Surrounding text describes openlens.jpg.
  1. Since you are starting a new data lens, click Cancel to close this dialog. From the File menu, click New Data Lens data lens create your new data lens.

  2. Enter the unique name for this data lens.

    Note:

    Entering a space results in an underscore.
  3. Enter a description and select a Character Encoding from the list.

    Surrounding text describes newdatalens.png.
  4. Click on the Select button adjacent to the Data Source field to select the file that contains your data. The Data Source dialog appears.

    Surrounding text describes newdatalens1.png.
  5. Select the MS Excel file option and click the Specify button.

  6. Click Browse, locate your data file, and then select it.

    The Excel file field names are displayed.

  7. Select the Id field and click on the right arrow to populate the ID list, and then select the Description field to populate the Description list. The ID corresponds to a part number field in the Excel spreadsheet; the Description is a description of a part, including the item name and several attributes.

    Surrounding text describes newdatalens2.png.
  8. Click OK. The Data Source dialog appears, indicating the source file that you specified and the number of lines of data.

  9. Click OK.

    You are returned to the New Data Lens dialog.

  10. Click OK. The Knowledge Studio creates your new data lens, including a set of sample files. These sample files are XML representation of the data in your Excel spreadsheet.

    Your new project is located in:

    C:\Documents and Settings\Username\Applications\DataLens\data\project

    or

    C:\Users\Username\AppData\Roaming\DataLens\project

    Your content and sample files are located in:

    …\data lens name\inputData

    The sample files have the .xml file extension.

    Surrounding text describes newdatalens3.png.
  11. When prompted to select a sample data file, click Browse.

    Surrounding text describes newdatalens4.png.
  12. Select your sample data file, and click Open.

    Your data lens opens and is now ready for use.

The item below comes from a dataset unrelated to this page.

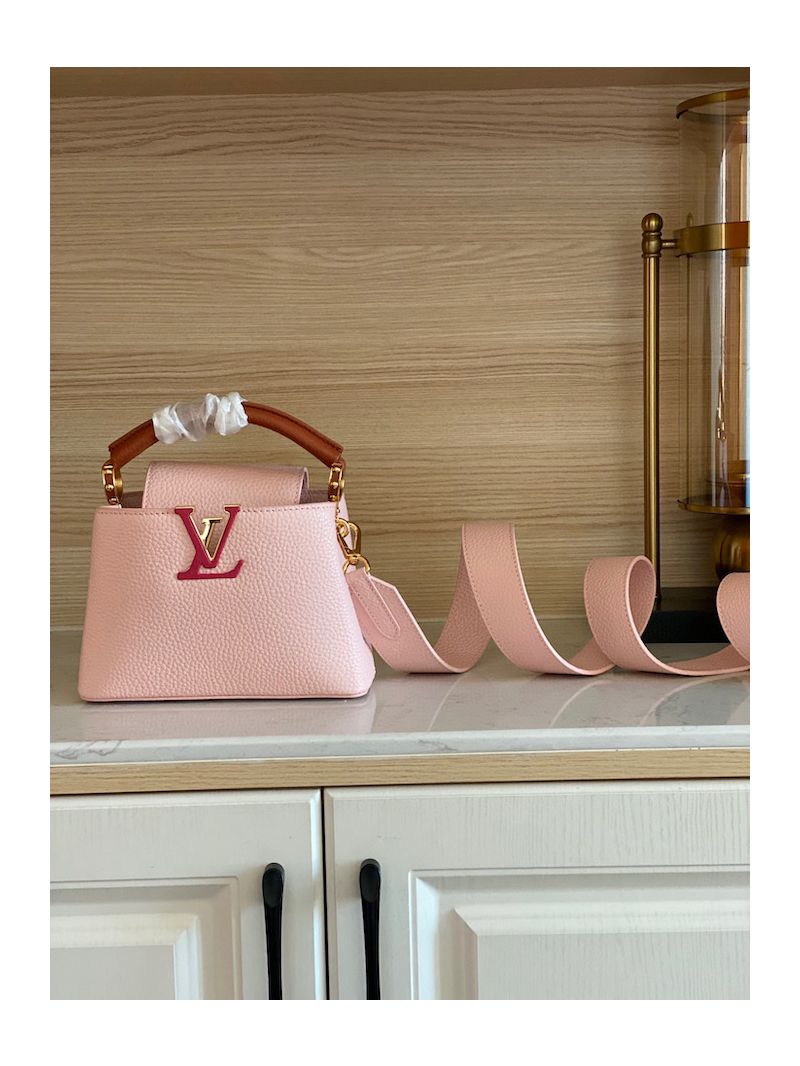 Louis Vuitton LV Capucines Mini M59253 Vanila Gold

Setting Knowledge Studio Options

There are various global options that you can set to configure how the Knowledge Studio operates. From the Tools menu, select Options. Select the global application options as follows:

Parse Tree Node Font Size

Allows you to select the font size you want for the display of phrase trees in the Graphical Rule Editor pane on the Define Phrases tab. A smaller font allows you to see more phrases for longer lines.

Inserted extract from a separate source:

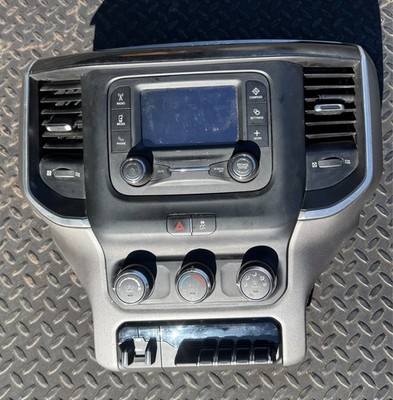 19-22 RAM Uconnect 5'' Inch Touchscreen Radio A/C Controls Vents Screen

Number of Apply's before Save

Allows you to automatically save your data lens as you apply knowledge.

Number of Save's before Backup

Allows you to automatically backup your data lens after a determined number of Saves.

Maximum number of backups

Allows you to set the maximum number of data lens revisions that will be retained on your Oracle DataLens Server. The default setting is three; the maximum setting is 10. You can control how much disk space your server is using and the speed of data lens check in and check out by setting this number to a lower setting.

Ghosting Percent

Allows you to set to percentage of ghosting that will be used to display terms and phrases that are not associated with an Item Definition. Percentage can be from 10% to 100%. A lower percentage setting will result in the terms and phrases being shown lighter (more ghosted).

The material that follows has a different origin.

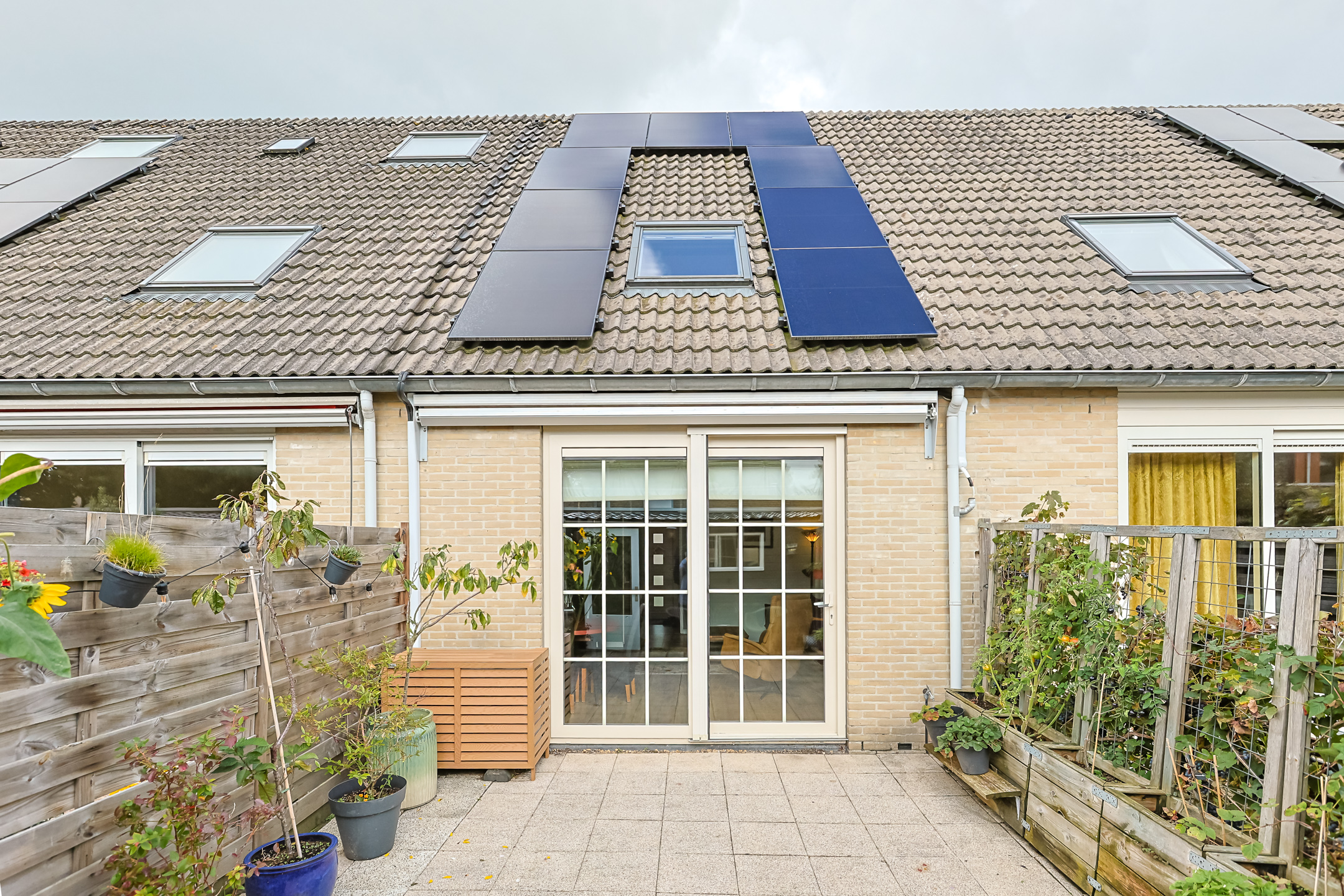 Eengezinswoning Tussenwoning Aalhorst 98, Alphen aan den Rijn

Surrounding text describes toolsoptions.png.
Two-line tool bar

Allows you to choose whether the toolbar is display on a single line or on two lines. Choosing a two-line tool bar allows you to see all of the toolbar items even when the Knowledge Studio screen is smaller than normal size.

Double-click Jump

Allows you to 'jump' or switch to between views of a selected node by double-clicking on an empty area of the pane. This functionality is context-sensitive and changes the active tab.

Show Source-Formatted Text

Enables the display of text that has been reformatted by the Source Formatting feature so that you can quickly identify this data for further standardization.

Show Predictions

Enables the textual display of the predictions for unknown data nodes. Controls whether the prediction options on the Edit menu and the Define Phrases sub-tab Graphical Rule Builder pane context-sensitive menu are active.

Enable Bidirectional Text Dialog

Activates the Bidirectional Text tab in the Data Lens Options dialog. See "Setting Data Lens Options".